Our chimp trekking day began with a 5:30am wakeup call, breakfast and a 6:30am departure. The departure times for the treks vary and your guide will discuss your options the night prior. While a later departure may seem ideal to many, the groups differ in level of difficulty. On the day we went, the 4:30am group had the easier hike while the 6:30am was more moderate. Knowing this, Kayla and I chose to prioritize sleep! It is important to note however, that while the national park employees try their best to identify the difficulty of the hikes in advance, the chimpanzees are always moving; so, what may have originally been thought of as an easy hike could become quite difficult. It all depends on where the chimpanzees decide to go that day.

Kayla and I arrived at the park headquarters at 6:45am to meet our guide and group. We then drove about an hour to the starting point. Here we had the opportunity to hire a porter, which I highly recommend doing. Chimp trekking can be quite difficult, and I found it incredibly beneficial to have someone to help you keep your balance. Many porters are also ex-poachers, so by using their services you give them an alternative way to make money, one that helps instead of hurts the wildlife.

The trek began deceivingly easily on a man-made path. During this stroll, our guide talked about the vegetation, birds, and primates we passed. It was quite informative and peaceful. About an hour in, we began to hear the hollers of the chimpanzees. By this time, we were deep into the rainforest, completely alone in silence except for the chimp calls echoing through the trees.
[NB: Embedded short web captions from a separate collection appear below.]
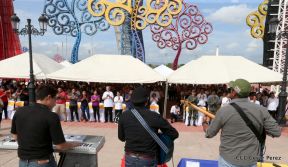 Venezuela conmemora en Nicaragua su 207 aniversario de Independencia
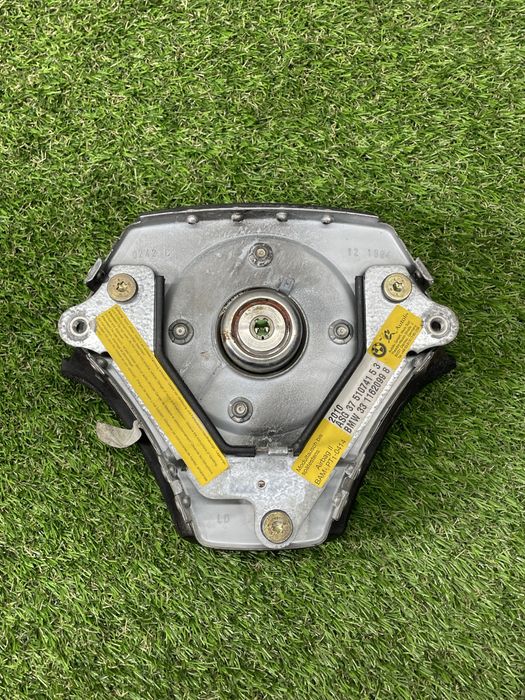 Подушка руля BMW Стринги під дорестайл Код:181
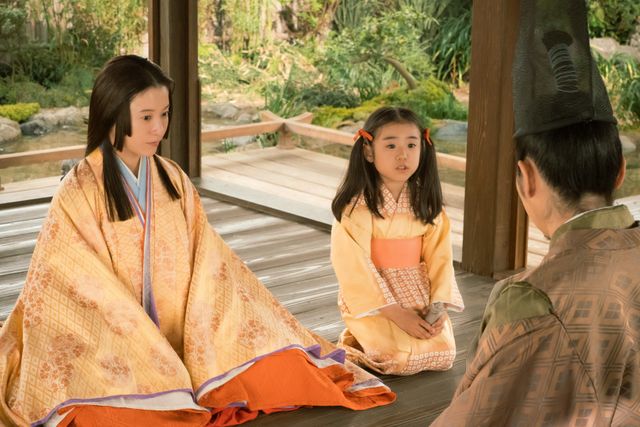 道長が“もう一人の”娘と対面…「光る君へ」第31回場面写真：フォトギャラリー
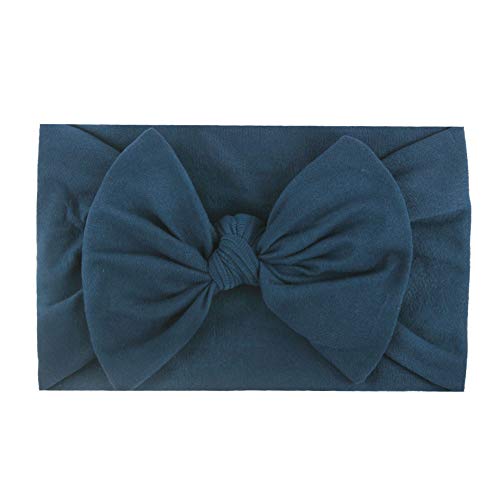 Baby Girls Bows Headbands 12Pcs Newborn Toddler Hair Accessories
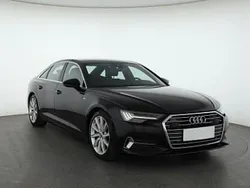 Czarny Używany 2018 Audi A6 Sedan/Limuzyna | 119 999 zł (Dość drogi)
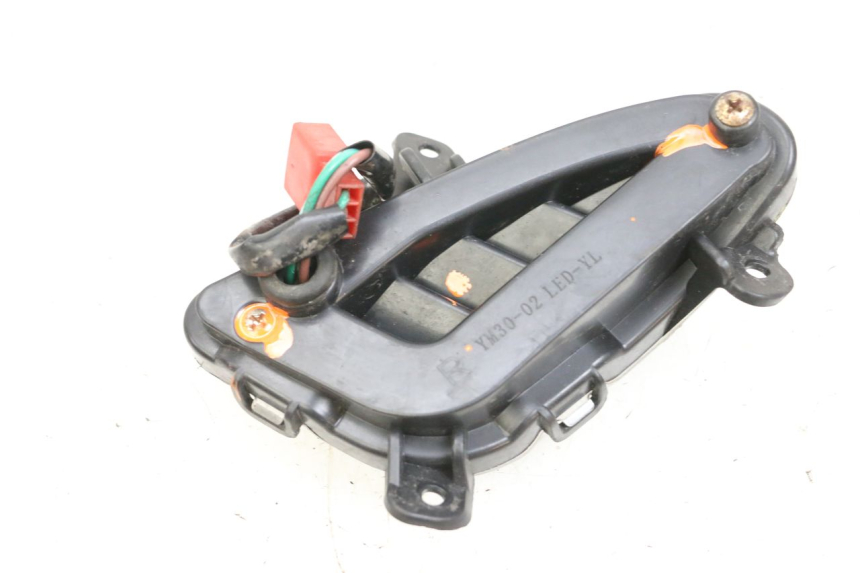 photo de FRECCIA POSTERIORE DESTRA JM MOTORS OLDIES GT 4T 50 (2018 - 2025) - Altra angolazione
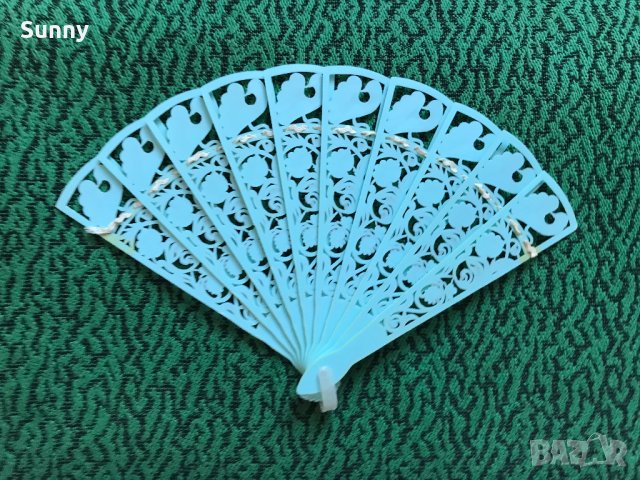 Винтидж Тюркоазено Ветрило, снимка 2 - Други - 33688285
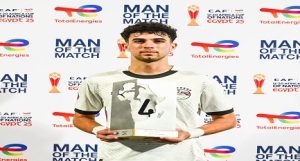 الأهلي يدرس استعادة أحمد عابدين بعد تألقه مع منتخب الشباب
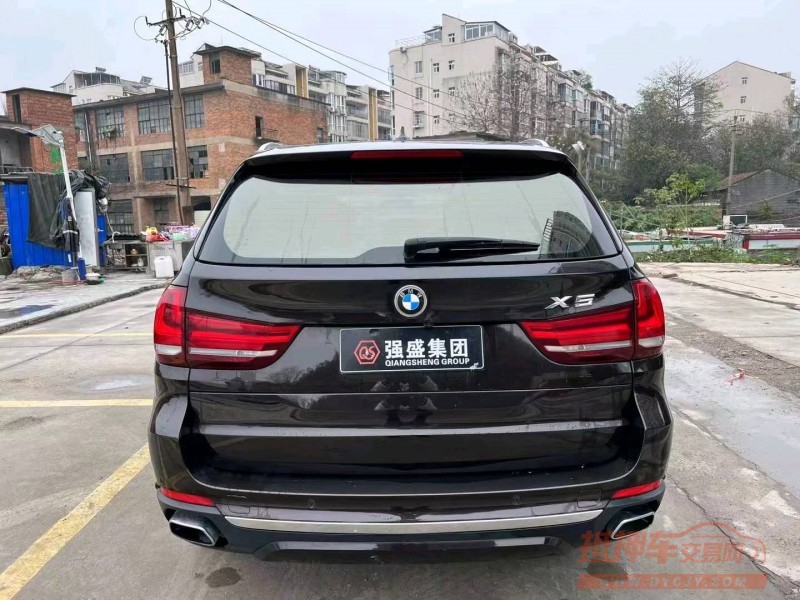 梧州17年宝马X56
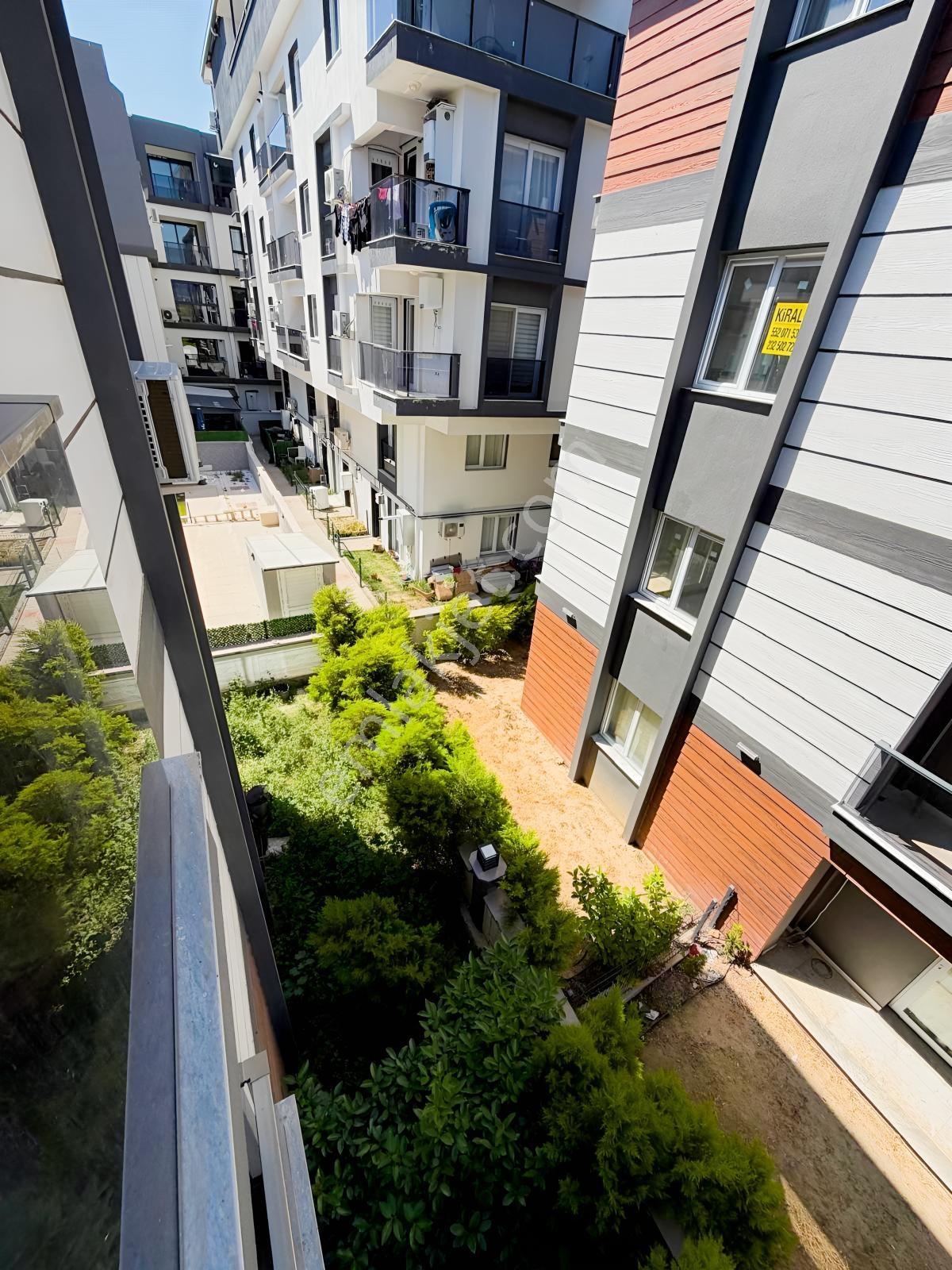 Bakırçay Mevki Eşyalı 1+1 Daire - 50m² - Kira Garantili - Görsel 12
This was an incredibly special moment that felt otherworldly.

At this point, we knew we were close. We met up with the four trackers who had gone into the rainforest hours before us to locate the chimpanzees. They took us off the path and Kayla and I, with our porters help, trekked through the dense vegetation. Our trackers led the way using their machetes, creating some semblance of a trail for us to follow. The difficulty of the trek greatly increased once we went off the path, but this was also the best part of the day. We trekked through thick trees, and when we got up high enough, we had expansive views of miles of rainforest. I felt like I was seeing part of the world no other human had seen yet.
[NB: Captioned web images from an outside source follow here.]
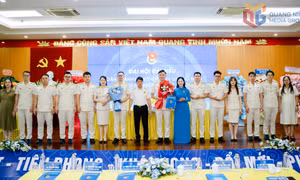 Đại hội Đoàn TNCS Hồ Chí Minh Thuế tỉnh Quảng Ninh lần thứ III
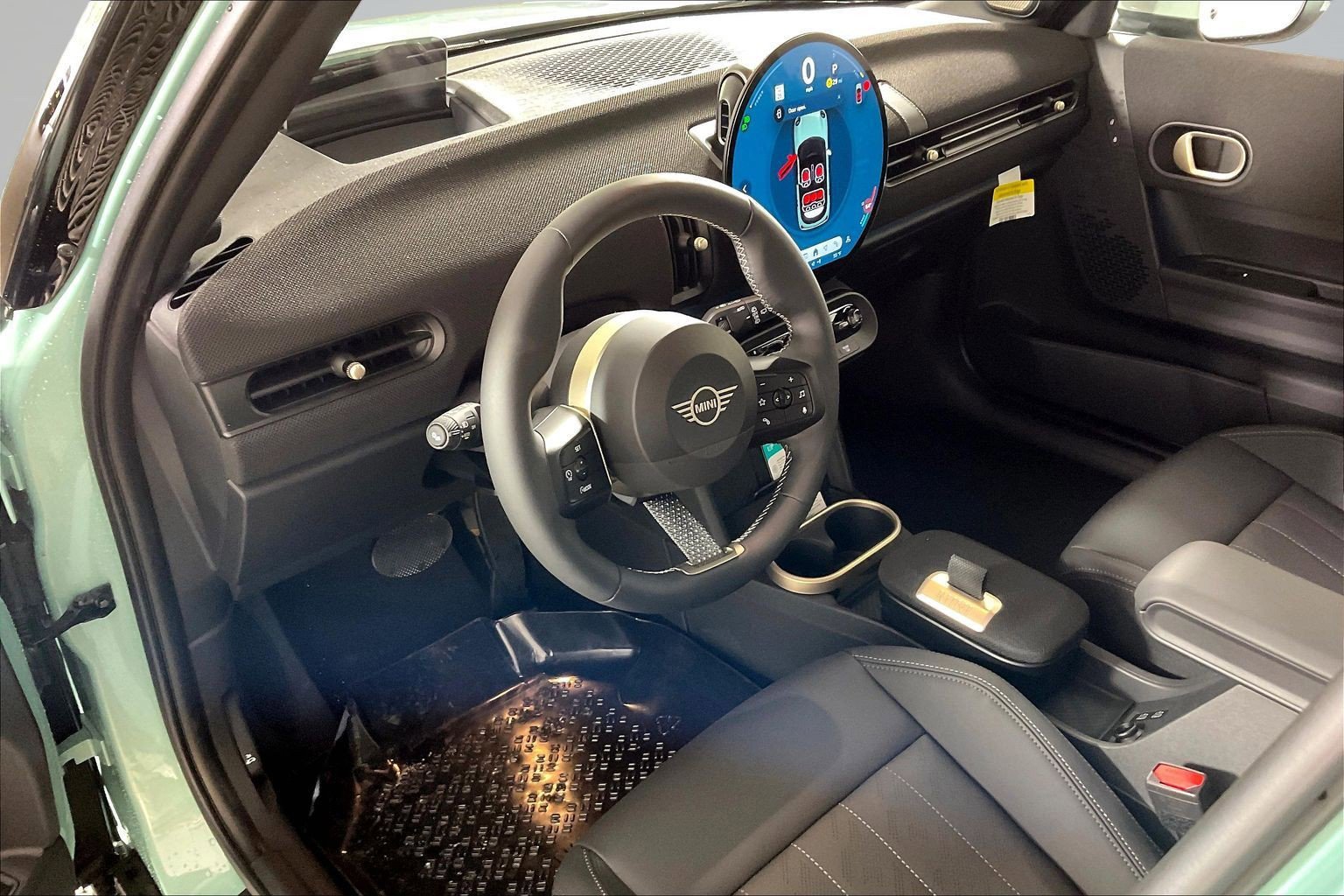 New 2026 MINI Cooper S FWD image 7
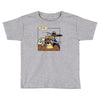 duck slap! Toddler T-shirt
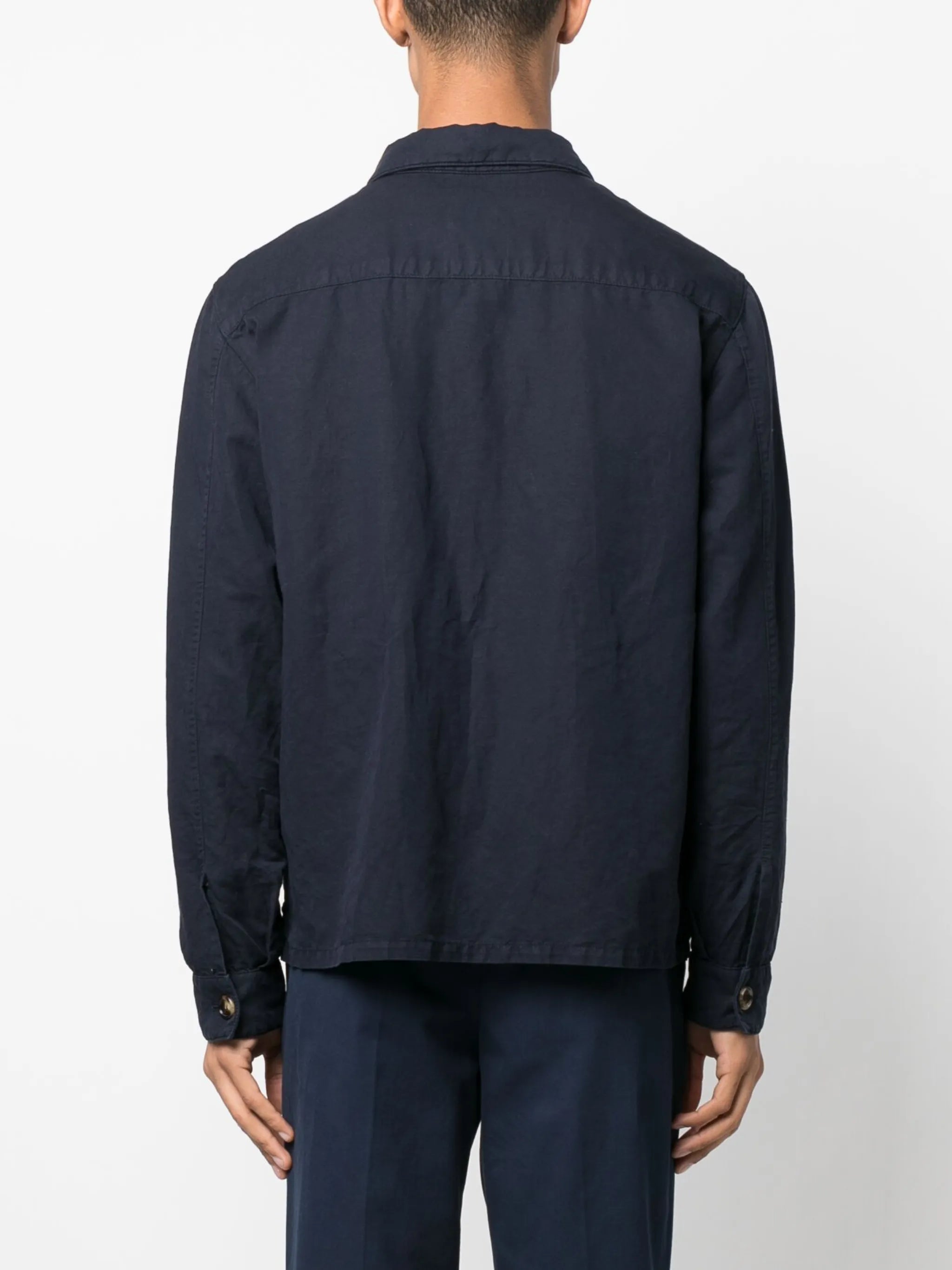 long-sleeve shirt jacket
After about another hour, we finally found the chimpanzees. They are semi-habituated and often stay in the trees, so we weren’t as close to them as what people experience with the gorillas. However, we still got to spend an hour watching them hollering and swinging from branch-to-branch.

Right when we hit our hour mark, the time allotted for visiting the primates, the skies opened, Mother Nature’s way of informing us it was time to go. Our group then had to make the 2-hour trek back to our car in the pouring rain. While I was wet, it was a beautiful experience to trek through a rainforest in the deluge. The sounds, the smells, the visuals. It was fantastic. Although many people try to avoid the rain, I personally feel that your trekking experience is not complete until you get poured on in the rainforest!

We returned home by 1:30pm in time for a big lunch, a long nap, and massages to tend to our aching legs.

Chimpanzee trekking was much more strenuous than gorilla trekking, but the difficulty only added to the adventure and made finding the chimps so much more rewarding. For those adventure-seekers heading to Rwanda to visit the gorillas, I highly recommend visiting the chimpanzees first to add a bit more excitement and variety to your primate experience!